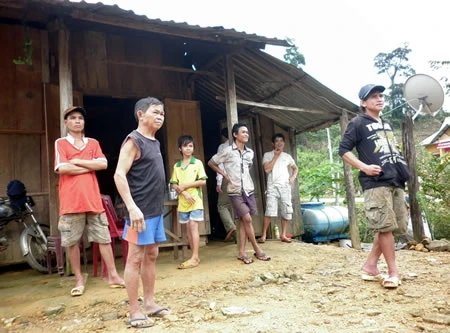 Tin lời đồn thổi, dân bỏ nhà vào rừng sau "tiếng nổ trong lòng đất"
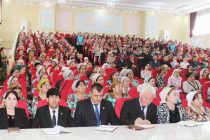 Дар ноҳияи Ҷалолиддини Балхӣ ҷойгоҳи зан дар ҷомеа ва нақши оила дар таҳқими арзишҳои иҷтимоӣ баррасӣ гардид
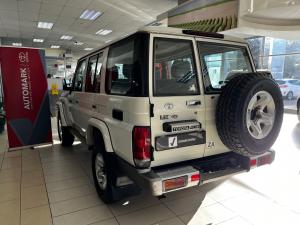 Toyota Land Cruiser 76 4.5D-4D V8 station wagon LX - Image 10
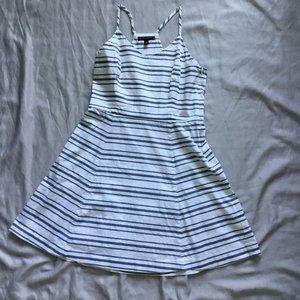 $2/20 or 3/$25 Banana Republic Formal Dress
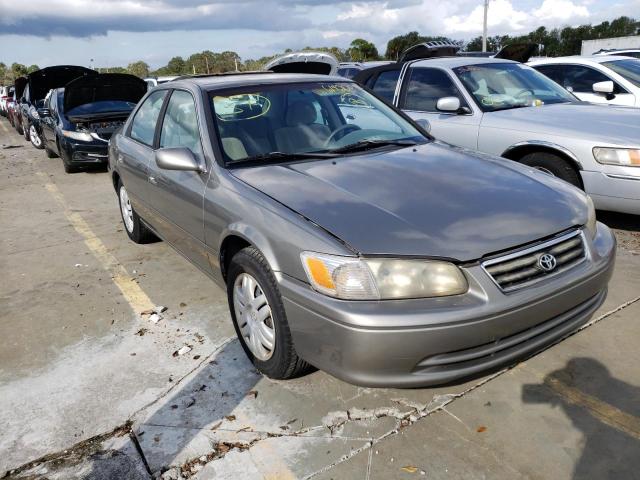 Photo 1 from auction – 2001 TOYOTA CAMRY CE with VIN 4T1BG22K71U034103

(WORK TASK): When copying the records, reproduce every entry exactly and omit all pictures.

(RESULT FOR THIS EXERCISE):
 Tin lời đồn thổi, dân bỏ nhà vào rừng sau "tiếng nổ trong lòng đất"
 Дар ноҳияи Ҷалолиддини Балхӣ ҷойгоҳи зан дар ҷомеа ва нақши оила дар таҳқими арзишҳои иҷтимоӣ баррасӣ гардид
 Toyota Land Cruiser 76 4.5D-4D V8 station wagon LX - Image 10
 $2/20 or 3/$25 Banana Republic Formal Dress
 Photo 1 from auction – 2001 TOYOTA CAMRY CE with VIN 4T1BG22K71U034103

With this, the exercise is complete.